Parameter | Description |
dataset | The name and namespace of the dataset where the dataload is executed. |
policy | The execution policy. Currently, Once and Cron are supported. Here, create a scheduled dataload task. |
shcedule | The policy that triggers the dataload. |
schedule uses the following cron format:
# ┌───────────── Minute (0 to 59)
# │ ┌───────────── Hour (0 to 23)
# │ │ └ ─────────────── A day of a month (1 - 31)
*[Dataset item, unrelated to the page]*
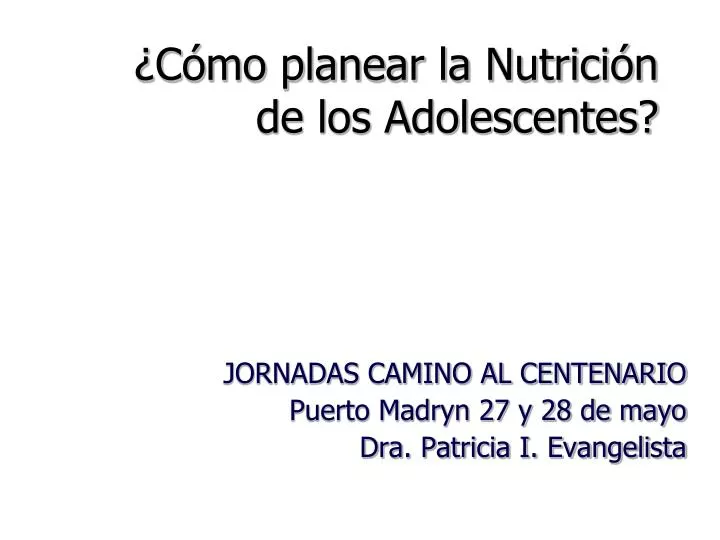 c mo planear la nutrici n de los adolescentes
# │ │ │ ┌───────────── Month (1 to 12)
# │ │ │ │ │ │ ───────────── A day of a week (0 - 6) (Sunday to Monday; in some systems, 7 also represents Sunday)
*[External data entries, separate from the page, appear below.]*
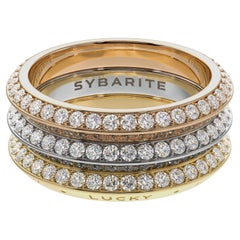 Anillo de la Tríada de la Fortuna con Diamantes Blancos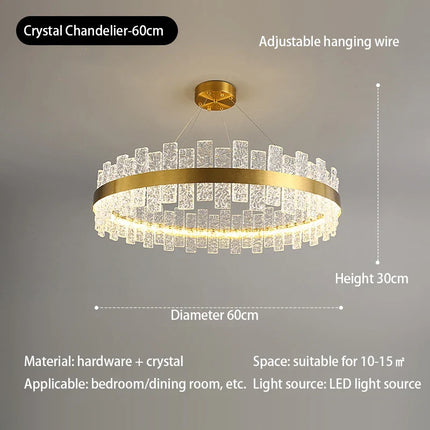 Suspension nordique en verre cristal au design moderne et élégant — LZ4X9P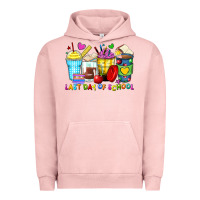Pigment Salmon last day of school coffee cups Urban Hoodie - Zillion Design Studio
# │ │ │ │ │ or sun, mon, tue, web, thu, fri, sat
# │ │ │ │ │ │
# │ │ │ │ │ │
# * * * * *
Meanwhile, Cron supports the following operators:
• A comma (,) indicates an enumeration. For example, 1, 3, 4, 7 indicates that Dataload is executed at the 1st, 3rd, 4th, and 7th minute per hour.
• The conjunction (-) indicates a range. For example, 1-6 indicates that the Dataload is executed every minute from the 1st to 6th minute per hour.
• The asterisk (*) represents any possible value. For example, the asterisk in the "hour domain" is equivalent to "every hour".
• A percent sign (%) indicates "every". For example, %10 indicates that the Dataload is run every 10 minutes.
• A slash (/) is used to describe the increment of the range. For example, /2 * indicates that the Dataload is run every 2 minutes.
You can also find more information here.
For more information about advanced configurations of Dataload, see the following configuration file:
apiVersion: data.fluid.io/v1alpha1
kind: DataLoad
metadata:
name: cron-dataload
spec:
dataset:
name: demo
namespace: default
policy: Cron # including Once, Cron
schedule: * * * * * # only set when policy is cron
loadMetadata: true
target:
- path: <path1>
replicas: 1
- path: <path2>
replicas: 2
The following table describes the parameters in the YAML template.
Parameter | Description |
policy | The dataload execution policy, including [Once, Cron]. |
schedule | The schedule used by Cron. This parameter is valid only when the policy is set to Cron. |
loadMetadata | Indicates whether to synchronize metadata before dataload. |
target | The target of the dataload. You can specify multiple targets. |
path | The path where the dataload is executed. |
replicas | The number of cached replicas. |
6. Run the following command to create a Dataload:
$ kubectl apply -f dataload.yaml
7. Run the following command to check the Dataload status:
$ kubectl get dataload
Expected output:
NAME DATASET PHASE AGE DURATION
cron-dataload demo Complete 3m51s 2m12s
8. After the Dataload status is Complete, run the following command to check the current dataset status:
$ kubectl get dataset
Expected output:
NAME UFS TOTAL SIZE CACHED CACHE CAPACITY CACHED PERCENTAGE PHASE AGE
demo 588.90KiB 588.90KiB 10.00GiB 100.0% Bound 5m50s
It can be seen that all files in OSS have been loaded into the cache.
This article will create an application container to access the above file to view the effect of scheduled Dataload.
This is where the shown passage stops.